#### MATERIAL PROVIDED

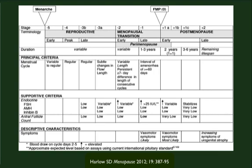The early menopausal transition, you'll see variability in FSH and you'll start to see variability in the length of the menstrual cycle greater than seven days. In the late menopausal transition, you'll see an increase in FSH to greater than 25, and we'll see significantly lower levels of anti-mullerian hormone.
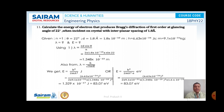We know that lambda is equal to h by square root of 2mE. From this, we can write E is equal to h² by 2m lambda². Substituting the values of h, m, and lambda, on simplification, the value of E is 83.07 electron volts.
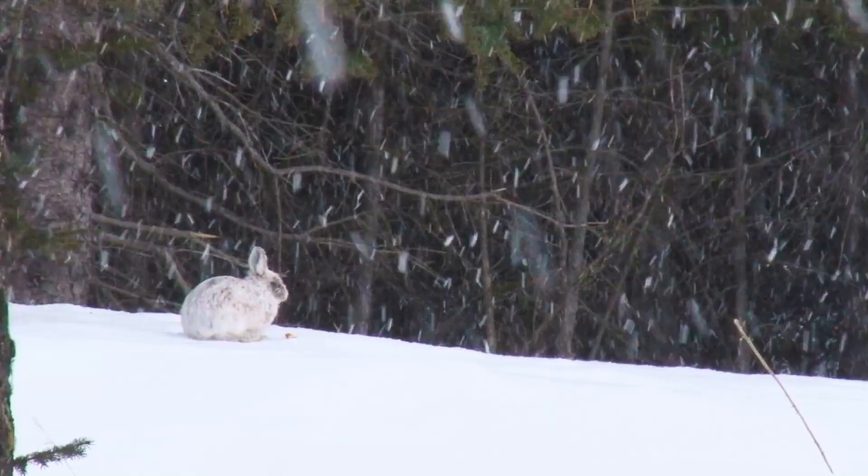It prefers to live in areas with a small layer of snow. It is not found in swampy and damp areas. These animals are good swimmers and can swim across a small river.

########
#### MATERIAL PROVIDED

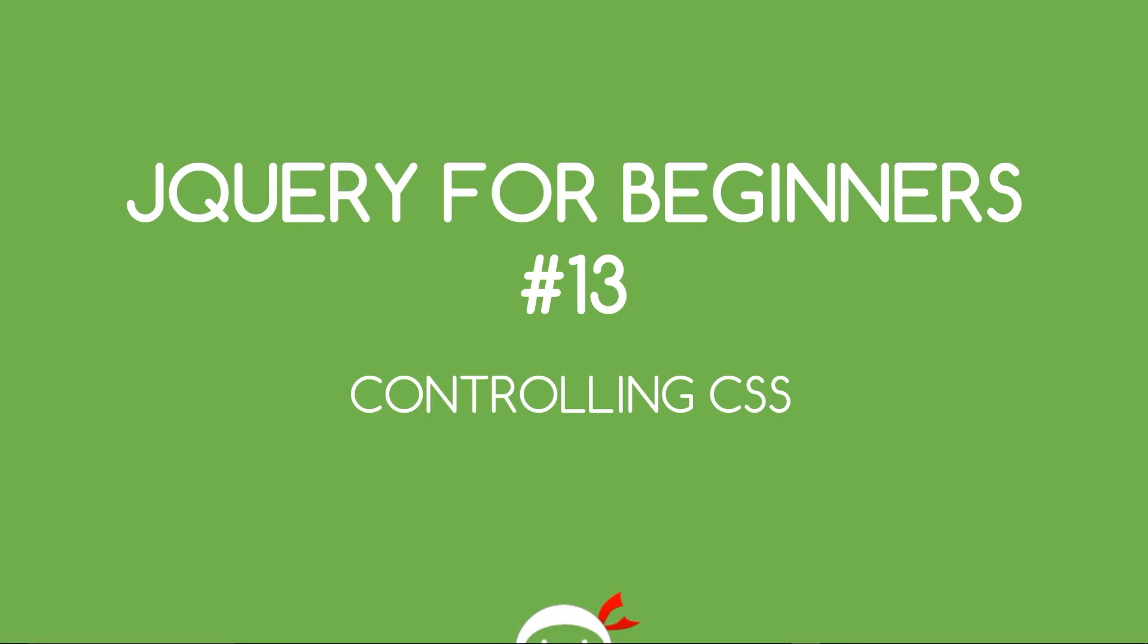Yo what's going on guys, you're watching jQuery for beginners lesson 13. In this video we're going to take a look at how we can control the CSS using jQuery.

########
#### MATERIAL PROVIDED

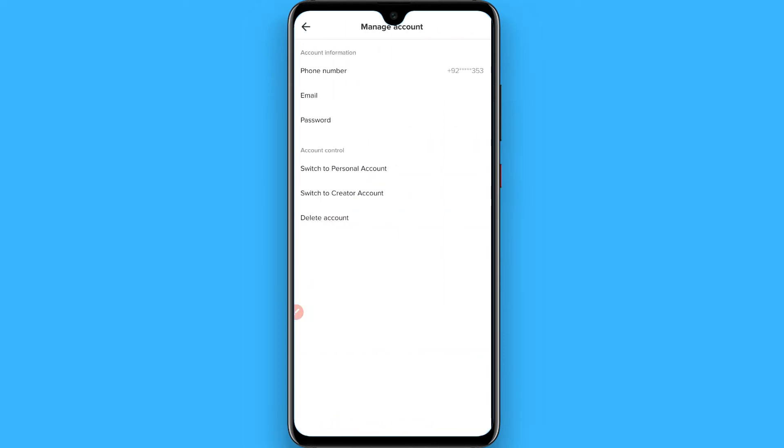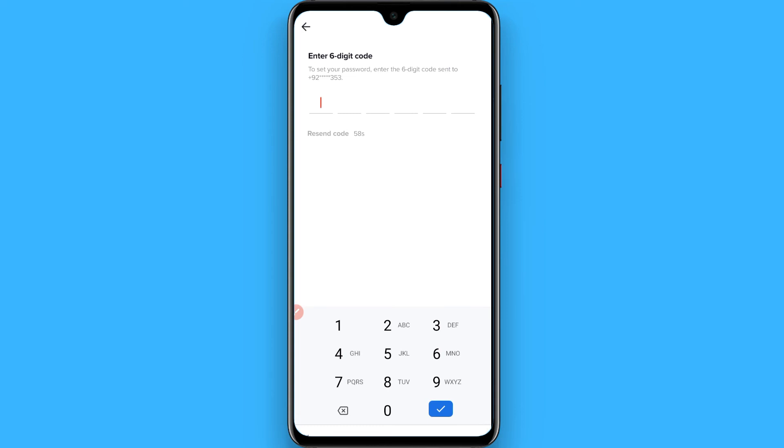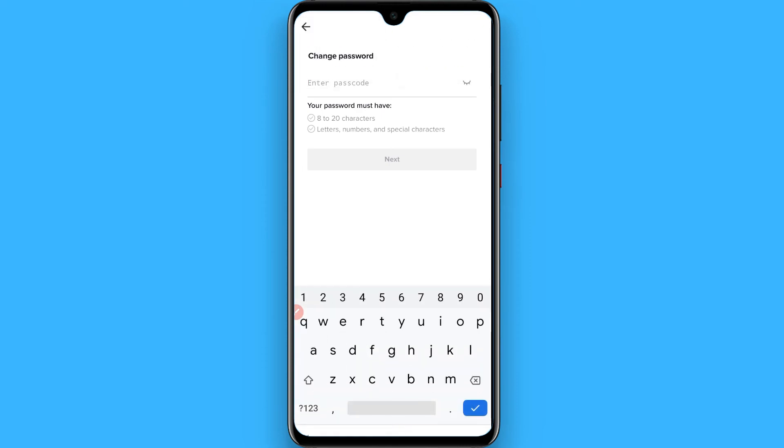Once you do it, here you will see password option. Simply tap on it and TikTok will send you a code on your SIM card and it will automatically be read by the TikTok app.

########

YOUR ASSIGNMENT
Find the line with "The early menopausal" in the data above, and from there retype each line exactly through the line with "It prefers to", skipping the pictures along the way.

EXERCISE RESPONSE
The early menopausal transition, you'll see variability in FSH and you'll start to see variability in the length of the menstrual cycle greater than seven days. In the late menopausal transition, you'll see an increase in FSH to greater than 25, and we'll see significantly lower levels of anti-mullerian hormone.
We know that lambda is equal to h by square root of 2mE. From this, we can write E is equal to h² by 2m lambda². Substituting the values of h, m, and lambda, on simplification, the value of E is 83.07 electron volts.
It prefers to live in areas with a small layer of snow. It is not found in swampy and damp areas. These animals are good swimmers and can swim across a small river.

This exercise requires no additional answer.